VICE ACADEMY 4 reverts back to the "nice and nasty" combo that then lasts for the remainder of the series, but both the character of Holly and the actress Ginger Lynn Allen go bye-bye. Candy is still around, being played by Elizabeth Kaitan, and she's more or less still Nice. But now Samantha, graduated from both prison and the vice academy program, is played by one Rocki Garner, is no longer the goody-good from Part 3. She's not as bitchy as Traci, the character who assumes the Nasty Girl role in installments 5 and 6. But in one of Samantha's few attempts to enact any duties close to those of real vice cops-- that of pretending to be a hooker-- Samantha rages at a potential customer who says he'd rather spend his money on a video game rather than someone so "trashy." For some reason, I found that Garner made a better foil to Kaitan than any of the other pairings. if only because Garner is taller than the average girl. The actress's height lends some credibility to a scene in which the usually incompetent vice-duo manage to beat up a male perp between them.

And what's the lame menace this time? Well, it's the crazed Malanthion again (Julia Parton), and her plans for revenge are once again pretty picayune. like attacking the vice cops, including Miss Devonshire (once more played by Jayne Hamil). However, she briefly gets something like real super-powers. She's being routinely tortured with electroshock in the local prison-- possibly a joke spun off from "serious" WIP films-- but Malanthion survives the shock and escapes. Later, she's seen at a club, where she tosses around a couple of male bouncers-- apparently with super-strength, though this power never shows up again.

Now, from that basic description, Number Four sounds as stupid as all the others. Well, it is-- but more of the jokes work on their own terms than in any of the other entries. Some include:

*After Miss Devonshire gets the dimbulb Commissioner to propose marriage, Candy offers to help find the "best man." When Devonshire claims she doesn't think Candy could find the best man, Candy claims she was once at a nude beach, where it was easy to find the "best man."

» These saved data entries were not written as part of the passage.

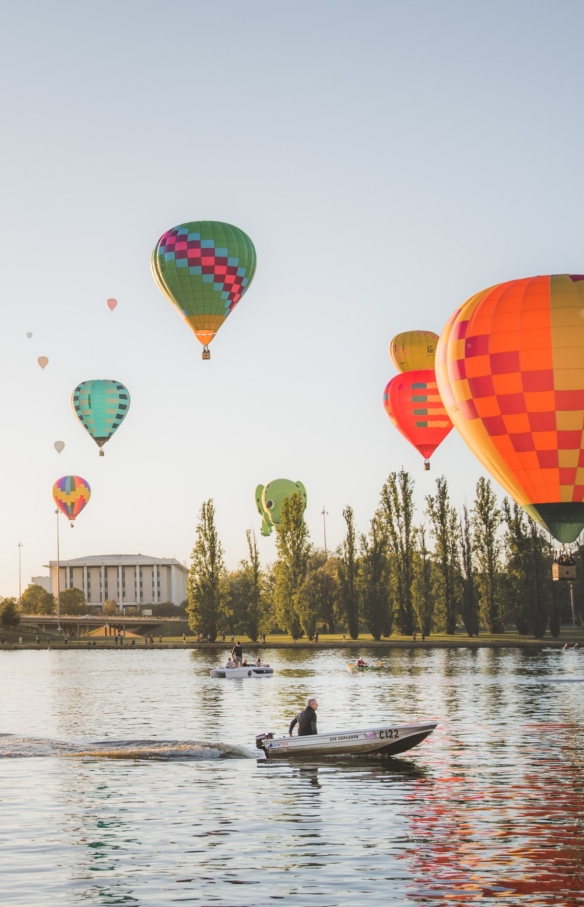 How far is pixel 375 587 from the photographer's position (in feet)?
373

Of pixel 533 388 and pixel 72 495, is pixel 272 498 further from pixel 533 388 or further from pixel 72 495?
pixel 533 388

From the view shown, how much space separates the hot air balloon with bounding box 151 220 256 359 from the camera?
66500 millimetres

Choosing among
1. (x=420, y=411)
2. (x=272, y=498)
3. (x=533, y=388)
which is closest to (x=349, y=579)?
(x=272, y=498)

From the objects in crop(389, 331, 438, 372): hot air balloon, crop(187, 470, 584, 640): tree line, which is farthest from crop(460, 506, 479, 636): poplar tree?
crop(389, 331, 438, 372): hot air balloon

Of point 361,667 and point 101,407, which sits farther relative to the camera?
point 101,407

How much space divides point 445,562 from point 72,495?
44086 millimetres

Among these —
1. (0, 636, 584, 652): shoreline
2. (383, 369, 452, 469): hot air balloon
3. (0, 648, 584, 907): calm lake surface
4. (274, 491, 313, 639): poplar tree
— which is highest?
(383, 369, 452, 469): hot air balloon

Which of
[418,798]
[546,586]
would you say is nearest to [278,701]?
[418,798]

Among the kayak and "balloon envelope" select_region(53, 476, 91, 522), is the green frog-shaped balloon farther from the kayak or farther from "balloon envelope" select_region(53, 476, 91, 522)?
the kayak

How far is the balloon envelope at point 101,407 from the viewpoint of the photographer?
304 feet

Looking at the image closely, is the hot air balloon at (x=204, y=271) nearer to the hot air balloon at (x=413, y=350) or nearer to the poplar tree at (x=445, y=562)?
the hot air balloon at (x=413, y=350)

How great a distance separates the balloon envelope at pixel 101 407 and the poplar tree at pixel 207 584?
108ft

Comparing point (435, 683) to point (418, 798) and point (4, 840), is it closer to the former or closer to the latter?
point (418, 798)

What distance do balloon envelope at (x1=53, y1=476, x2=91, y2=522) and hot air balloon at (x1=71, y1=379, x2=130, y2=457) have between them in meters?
41.1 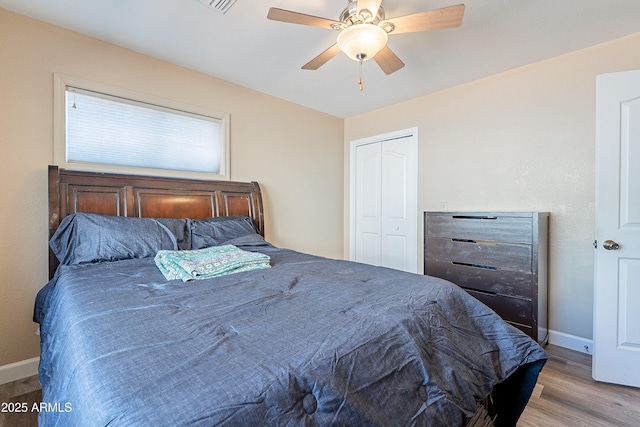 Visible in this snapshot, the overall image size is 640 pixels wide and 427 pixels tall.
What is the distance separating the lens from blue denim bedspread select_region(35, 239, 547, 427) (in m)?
0.60

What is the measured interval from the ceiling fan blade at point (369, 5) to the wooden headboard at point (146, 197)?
1934mm

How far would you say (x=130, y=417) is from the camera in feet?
1.73

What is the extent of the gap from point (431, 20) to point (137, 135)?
238 cm

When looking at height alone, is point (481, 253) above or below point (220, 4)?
below

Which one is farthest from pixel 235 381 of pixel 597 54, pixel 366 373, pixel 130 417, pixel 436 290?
pixel 597 54

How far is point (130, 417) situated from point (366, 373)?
1.86 ft

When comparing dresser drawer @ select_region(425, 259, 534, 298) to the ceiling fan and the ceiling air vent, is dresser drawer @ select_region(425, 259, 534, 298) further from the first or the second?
the ceiling air vent

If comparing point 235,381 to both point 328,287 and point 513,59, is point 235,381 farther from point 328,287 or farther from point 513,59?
point 513,59

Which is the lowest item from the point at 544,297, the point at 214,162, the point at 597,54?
the point at 544,297

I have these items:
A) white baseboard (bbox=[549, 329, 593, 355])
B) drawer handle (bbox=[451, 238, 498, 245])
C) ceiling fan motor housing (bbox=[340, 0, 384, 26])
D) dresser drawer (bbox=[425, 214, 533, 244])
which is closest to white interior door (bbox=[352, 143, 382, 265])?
dresser drawer (bbox=[425, 214, 533, 244])

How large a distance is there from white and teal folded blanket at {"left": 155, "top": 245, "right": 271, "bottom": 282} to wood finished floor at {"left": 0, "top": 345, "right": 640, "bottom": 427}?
3.50 feet

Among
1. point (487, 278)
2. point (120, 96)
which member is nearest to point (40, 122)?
point (120, 96)

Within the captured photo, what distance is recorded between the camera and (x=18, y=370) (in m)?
1.96

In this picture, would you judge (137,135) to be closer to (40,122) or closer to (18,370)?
(40,122) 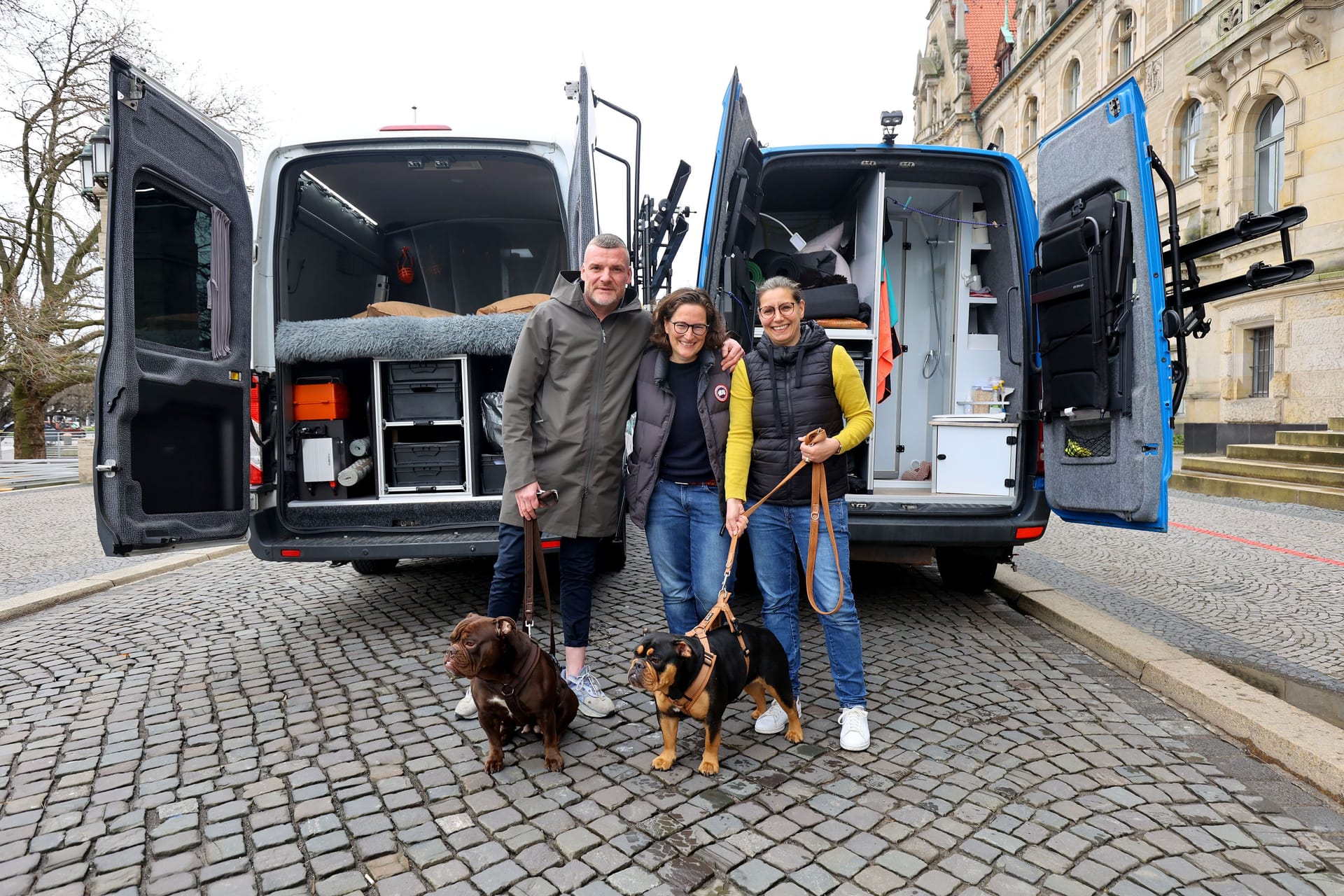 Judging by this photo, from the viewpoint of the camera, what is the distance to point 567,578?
124 inches

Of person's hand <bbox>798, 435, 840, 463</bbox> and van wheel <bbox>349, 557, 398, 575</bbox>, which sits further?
van wheel <bbox>349, 557, 398, 575</bbox>

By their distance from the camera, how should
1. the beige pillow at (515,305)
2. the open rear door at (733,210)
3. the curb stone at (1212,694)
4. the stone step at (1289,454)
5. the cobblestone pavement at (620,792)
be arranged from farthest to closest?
the stone step at (1289,454) < the beige pillow at (515,305) < the open rear door at (733,210) < the curb stone at (1212,694) < the cobblestone pavement at (620,792)

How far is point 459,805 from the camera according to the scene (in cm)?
242

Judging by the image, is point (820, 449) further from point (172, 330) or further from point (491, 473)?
point (172, 330)

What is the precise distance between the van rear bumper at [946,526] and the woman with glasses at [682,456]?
1.33 m

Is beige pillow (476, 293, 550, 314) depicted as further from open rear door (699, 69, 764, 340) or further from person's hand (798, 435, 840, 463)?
person's hand (798, 435, 840, 463)

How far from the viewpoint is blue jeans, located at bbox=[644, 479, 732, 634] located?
2996 mm

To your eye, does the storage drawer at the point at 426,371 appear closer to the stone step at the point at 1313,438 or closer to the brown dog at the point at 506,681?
the brown dog at the point at 506,681

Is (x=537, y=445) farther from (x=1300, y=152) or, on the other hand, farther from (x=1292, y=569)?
(x=1300, y=152)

*The girls attempt to order a stripper for Devonshire's hen party, and instead of getting a male performer named Mister Centaur, they get Miss Century, the only hundred-year-old female stripper.

*Devonshire says she wants to wear wedding clothes appropriate to someone from the sixties, and Samantha mishears it as "someone in her sixties."

*Candy's suggestion for a honeymoon site: "There's Tijuana; I've heard about this donkey show--"

It all wraps up with Malanthion trying to crash Devonshire's wedding, and a swipe from the 1966 "Batman" theme song, though as usual the end "fight" is barely worthy of that name.